* What the exercise asks *
Please print exactly the lines below, from the start of the material up to and including the line with "So come check", but none of the pictures.

* Dataset excerpts *
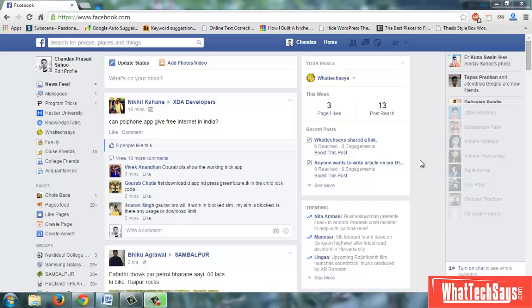Hello friends, I am Chandan from Vortexes. Today I will show you how to cancel all sent friend requests on Facebook. Let's start.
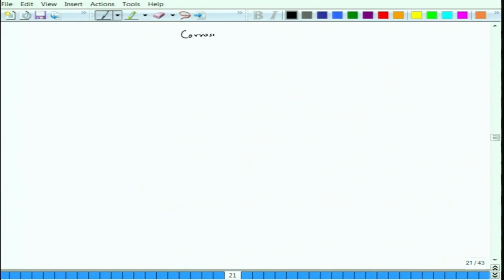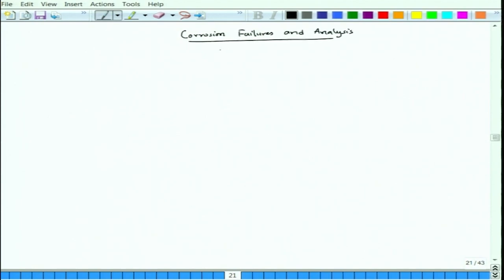Welcome back to the course Corrosion Failures and Analysis. Today is the seventh lecture and we talk about galvanic corrosion. We started discussing the galvanic effect in our previous lecture, so this will continue. The course is Corrosion Failures and Analysis, lecture seven, topic: galvanic corrosion.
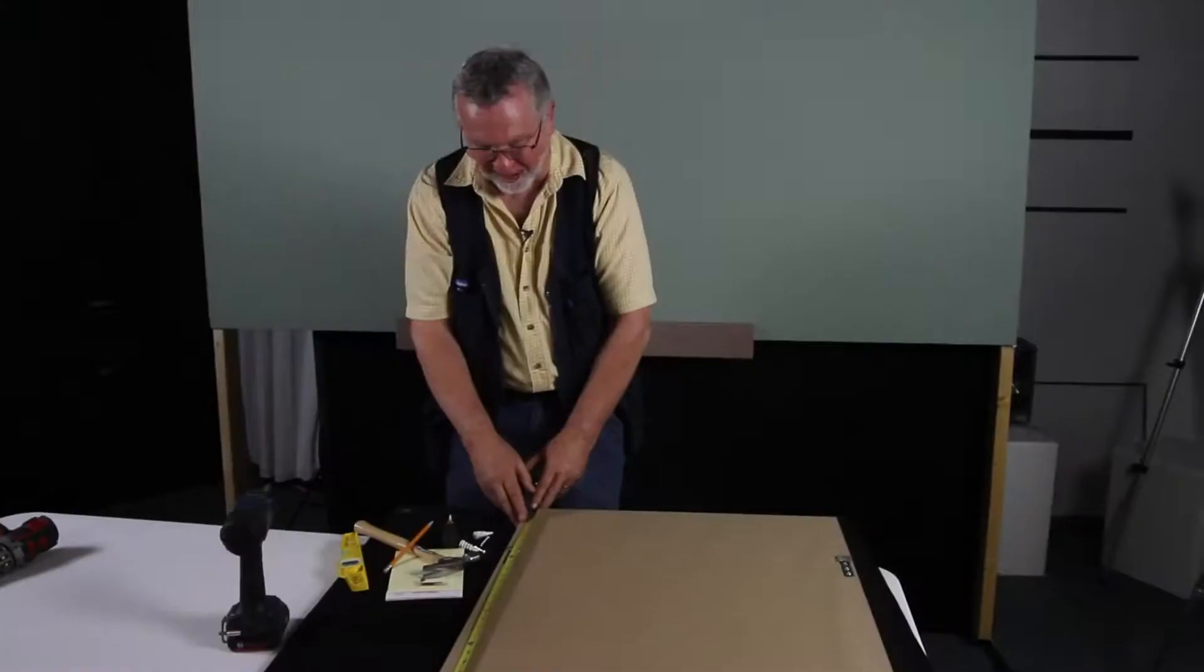Hi, this is Moe of Moe's Gallery and Fine Framing and in this tutorial we're going to talk to you about how to hang mirrors and large art.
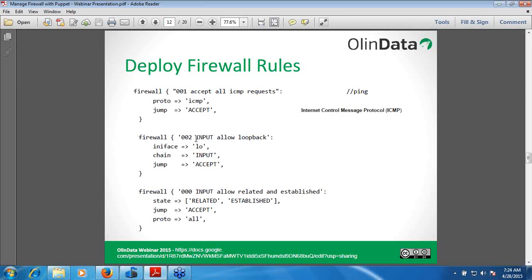The sequence is very important — rules should be implemented in order. Whenever implementing firewall rules, initially we should create the defaults like SSH, ICMP, and input-allow-related-and-established. After applying all firewall rules, at the end you should block all remaining ports to make your network secure. The third rule is '000 input allow related and established'.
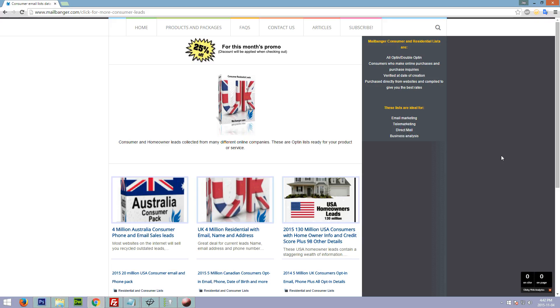So come check out our selection at mailbanger.com. And we hope to see you soon.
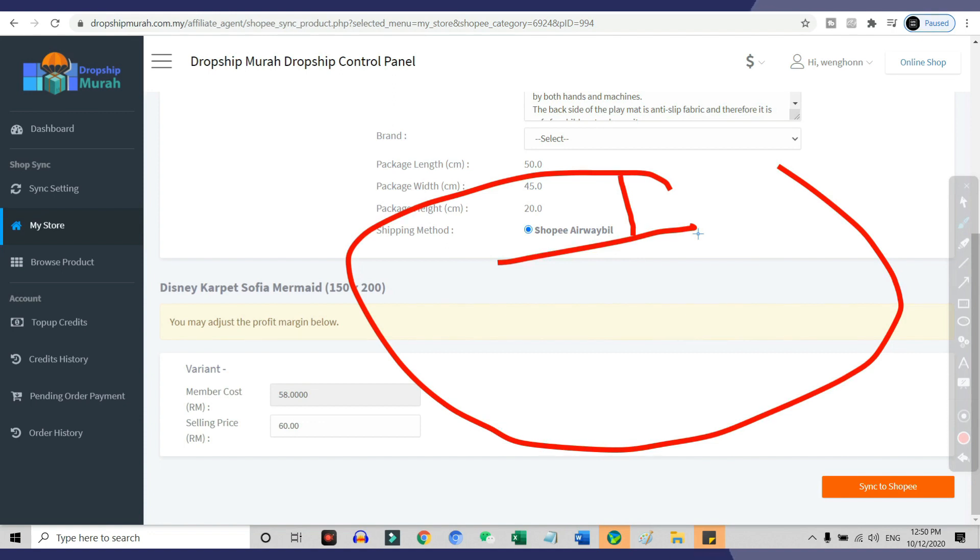So once you integrate Dropship Murah with your Shopee store, all information will be synced between Dropship Murah and your Shopee store, which includes but is not limited to stock levels and invoices.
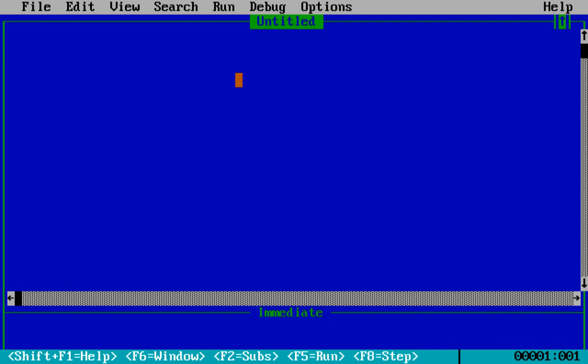So without wasting the time let's go deep into it. First we will just write CLS that's clean screen, then SCREEN 12 that is the required screen by us.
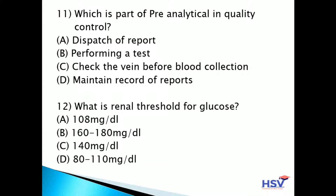Eleventh question: which is a part of pre-analytical in quality control? Option A: dispatch of report. Option B: performing a test. Option C: check the vein before blood collection. Option D: maintain record of reports. The answer is option C — checking the vein before blood collection is a pre-analytical step.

* Task solution *
Hello friends, I am Chandan from Vortexes. Today I will show you how to cancel all sent friend requests on Facebook. Let's start.
Welcome back to the course Corrosion Failures and Analysis. Today is the seventh lecture and we talk about galvanic corrosion. We started discussing the galvanic effect in our previous lecture, so this will continue. The course is Corrosion Failures and Analysis, lecture seven, topic: galvanic corrosion.
Hi, this is Moe of Moe's Gallery and Fine Framing and in this tutorial we're going to talk to you about how to hang mirrors and large art.
The sequence is very important — rules should be implemented in order. Whenever implementing firewall rules, initially we should create the defaults like SSH, ICMP, and input-allow-related-and-established. After applying all firewall rules, at the end you should block all remaining ports to make your network secure. The third rule is '000 input allow related and established'.
So come check out our selection at mailbanger.com. And we hope to see you soon.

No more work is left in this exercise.